Bridging the Age Gap: Working With Millennials Needn't Be Intimidating

Guest post: Peter McGuiness, new employee of a growing startup and a real-life millennial, reflects on how the word "millennial" intimidates some - and why it shouldn't. Peter McGuiness is a pseudonym.

I rode the rickety elevator to the third floor of a dingy little building. I had pressed floor three but the light was broken so whether I would actually get there was entirely a gamble. Not wanting to seem too formal, I wore a patterned button down and a pair of jeans. When the doors opened to my new office and I discovered that this outfit put me in the top percentile of best dressed, I strode in.

It was an open floor plan, with exposed brick and exposed wires, and a table dedicated to jigsaw puzzles--all the start-up boxes checked. An office of bearded, barefooted, and blithe individuals all under thirty, save one. A modern office.

Starting the new job was the first of two big life events last week. I also turned 21 - a legal adult and card-carrying member of the millennial generation, a group who will soon inherit the future, welcoming it into our greasy little hands. "Inherit" is the proper word; “millennial" conjures images of a lazy band of hippies waiting for handouts, donning Bernie 2016 t-shirts. But I don’t consider myself a millennial. I think of myself as somehow deeper or different, the one to prove them all wrong. And so does everyone else.

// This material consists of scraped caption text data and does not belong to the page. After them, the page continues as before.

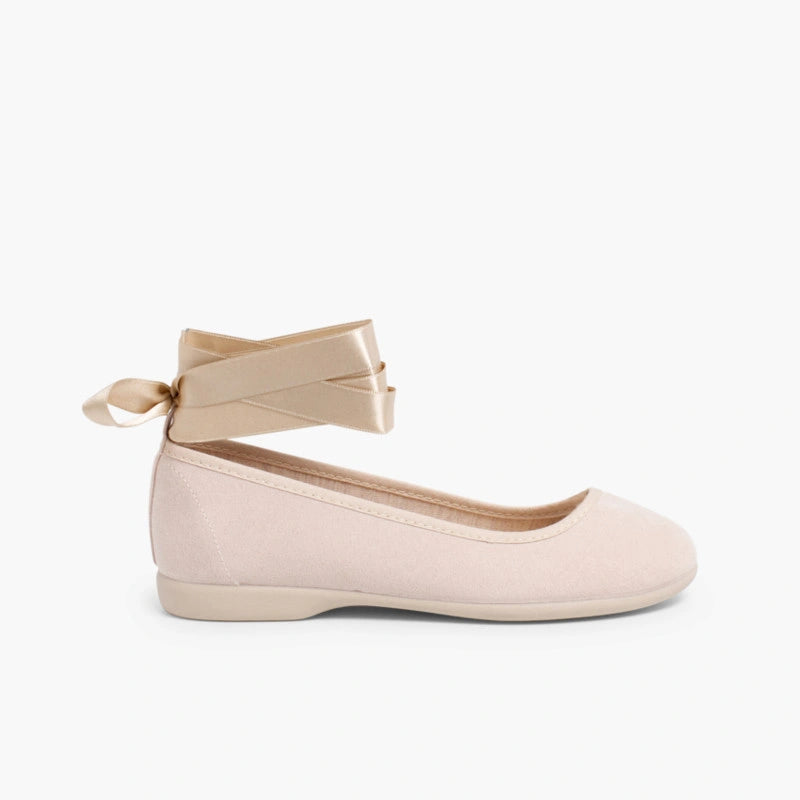 Beige ballet flat shoe with ankle strap on a white background
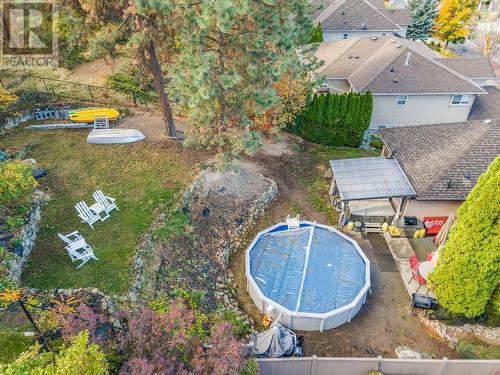 2105 Bowron Street, Kelowna, BC - Outdoor With Above Ground Pool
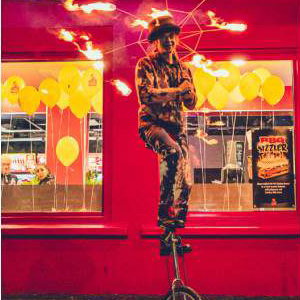 Fire-Umbrella-Unicyclist--at-Pepes-Piri-Piri-Paisley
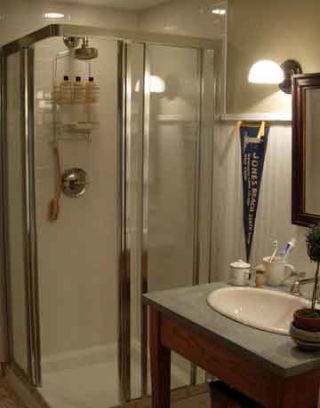 bathroom with sink and focal corner shower enclosure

Soon after my arrival, the company sent out for barbecue and beer. Everyone lined up for the free food; I found myself gravitating towards a coworker who also went to NYU, and was of a similar age. Our conversation was only ended when our CEO pulled up his chair. Though a young CEO (no more than 50), he looked out of place. He wore shorts and he was in a pair of Nikes, but it wasn't the clothes that set him apart, it was the way he wore them. They were a costume. A wolf in sheep's clothing. 

“The city?” he led with. I waited for him to continue, but nothing else came. He let his words hang for effect.

As my coworker turned to me in confusion, I got an instant read on the CEO. If my new company was a big family, that man was our step father. He brought home the bacon but he was the perpetual outsider. Part of me felt bad as he squirmed in his cargo shorts constantly tugging at the hems. He really was trying his best to fit in - and that’s just the problem.

Millennials in the workplace intimidate people, even though none of us really considers ourself a millennial. No one wants to be the cartoonishly idiotic rube in the office who wants it all without doing anything. At the end of the day though, that’s all of us. The classic idea of the millennial both does not exist and yet is present in every generation past and those yet to come.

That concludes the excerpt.